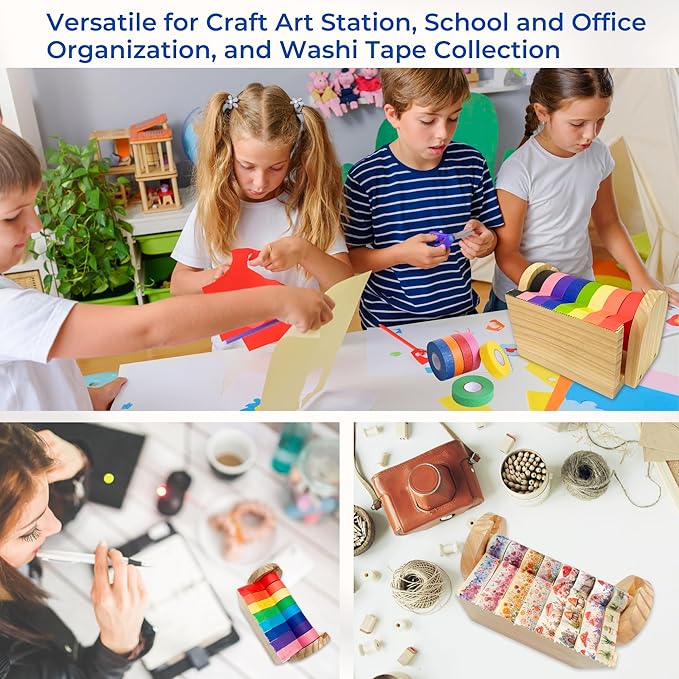 Wooden Kids Craft Tape Dispenser, Multi Roll Masking Tape Holder, Washi Tape Dispenser (Acrylic Serrated Cutter) - Perfect Craft Organizer for Children - [Masking Tape NOT Included]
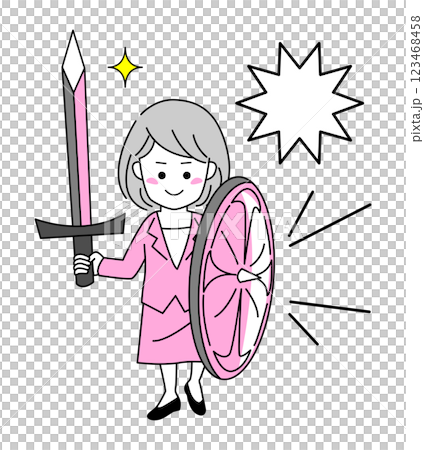 剣と盾を持って戦う女性【ビジネスウーマン】のシンプルなベクターイラスト素材 123468458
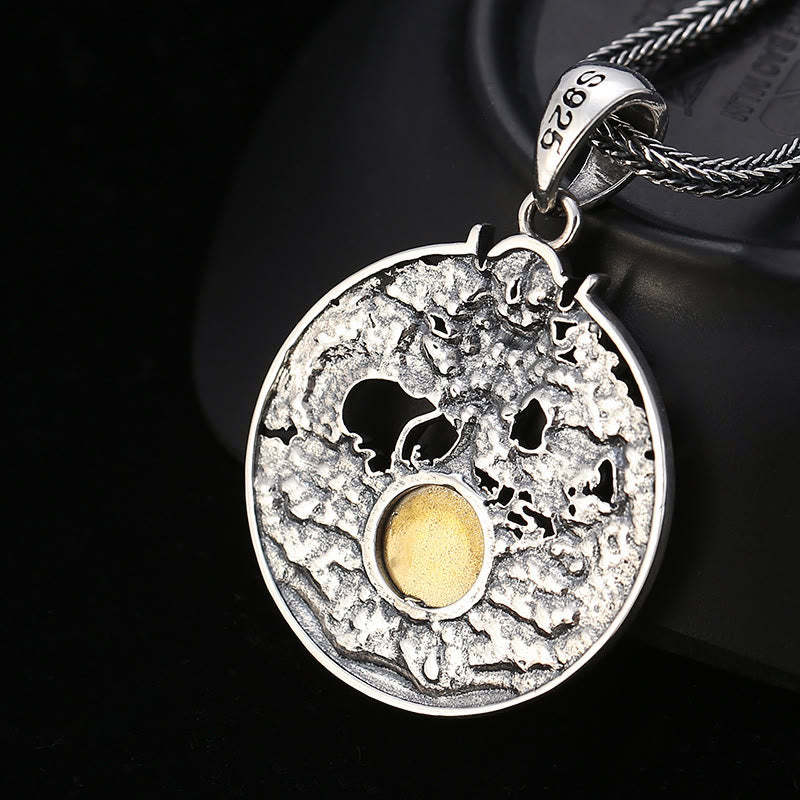 Dragon Waves Yin Yang Bagua Luck Strength Necklace Pendant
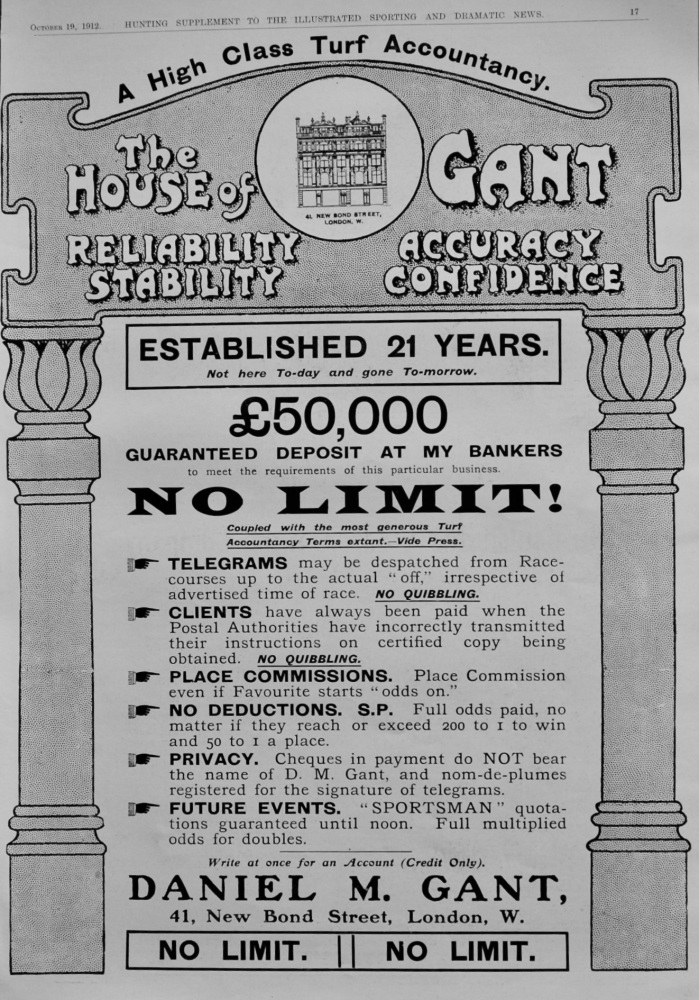 The House of Gant. (Turf Accountants).  1912.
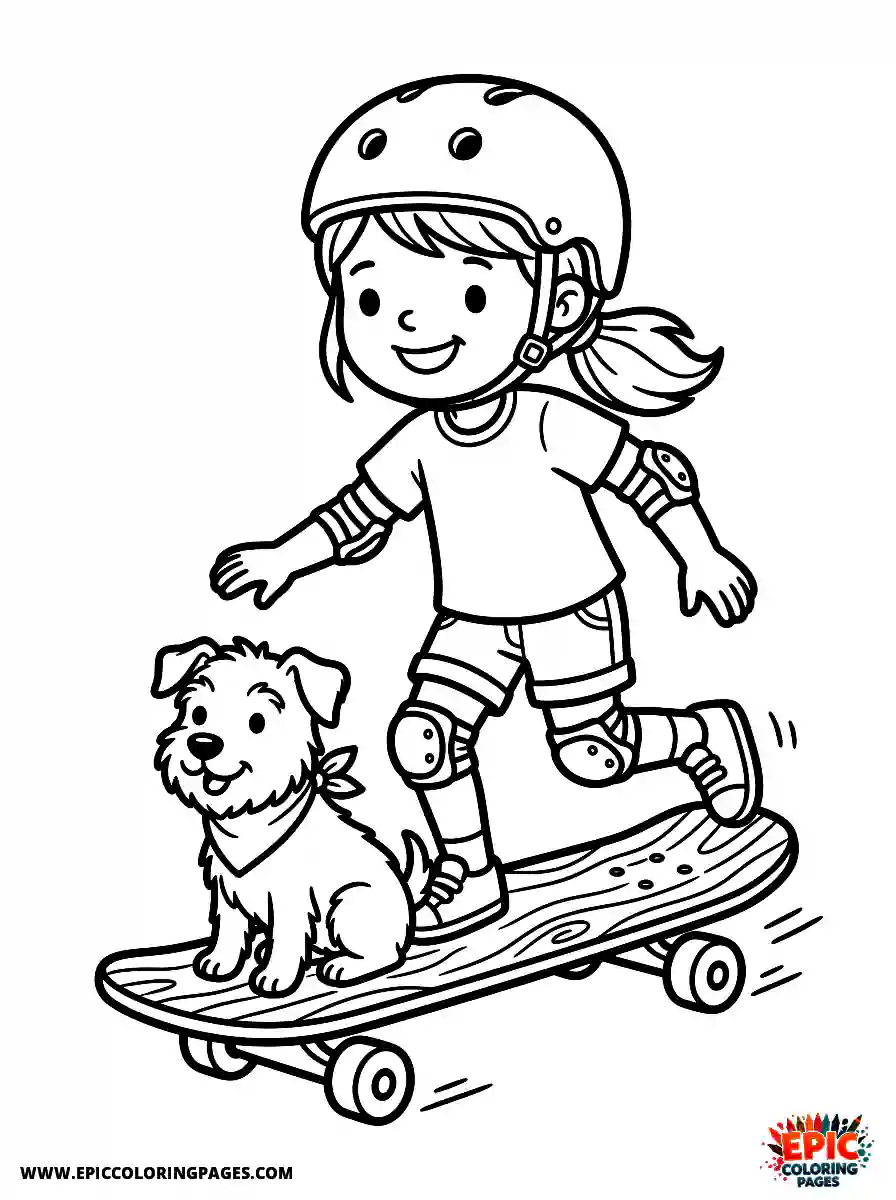 Girl with Dog Cute girl with dog riding a wooden skateboard wearing a safety helmet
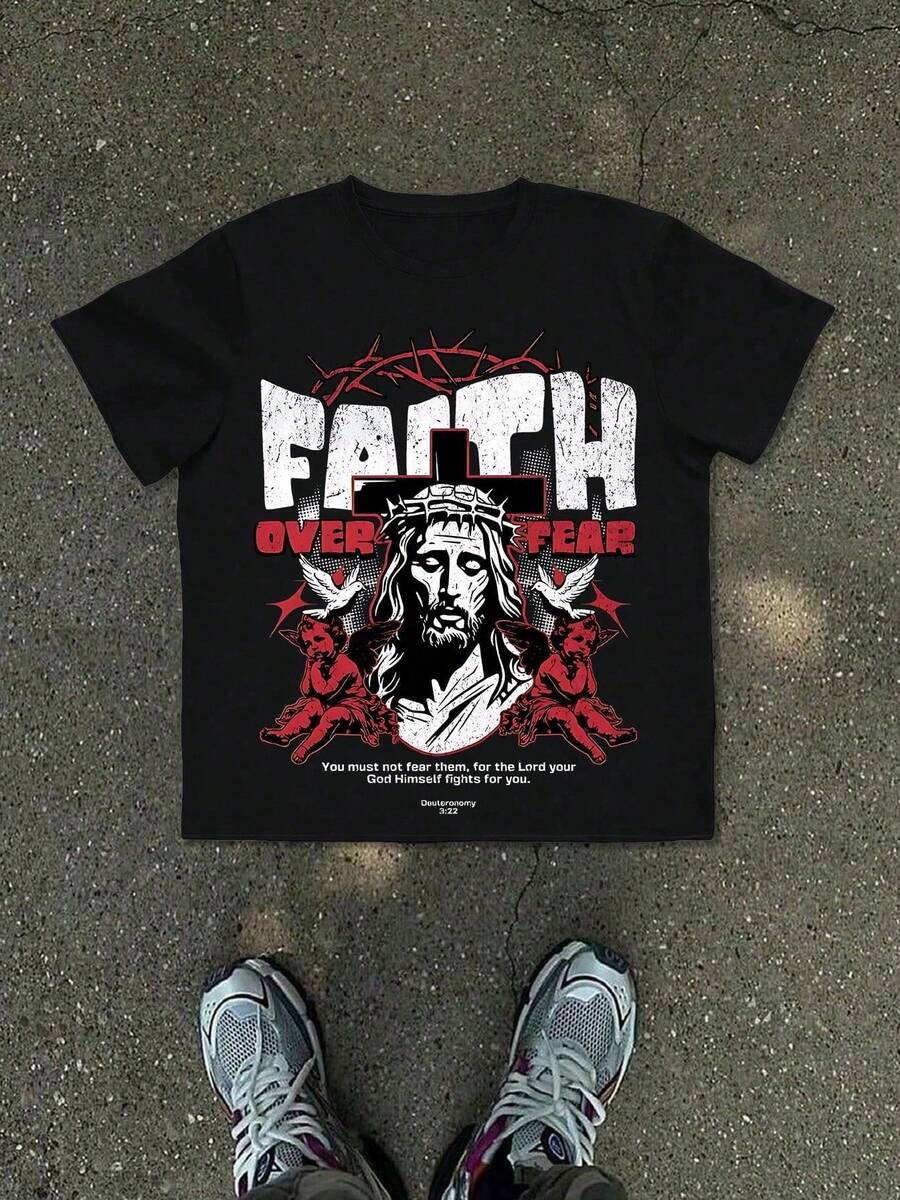 Faith Overcomes Fear | American Retro Jesus Thorn Cross Short-Sleeve T-Shirt - Black - View 1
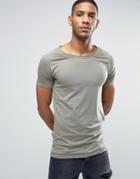 Liquor & Poker Muscle Fit T-shirt Raw Hem Scoop Neck - Green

+ + +

== Your goal ==
Nothing but the lines from the line holding "The House of" through the last line of the entries above is to be reproduced, exactly and without pictures.

== Written answer ==
 The House of Gant. (Turf Accountants).  1912.
 Girl with Dog Cute girl with dog riding a wooden skateboard wearing a safety helmet
 Faith Overcomes Fear | American Retro Jesus Thorn Cross Short-Sleeve T-Shirt - Black - View 1
 Liquor & Poker Muscle Fit T-shirt Raw Hem Scoop Neck - Green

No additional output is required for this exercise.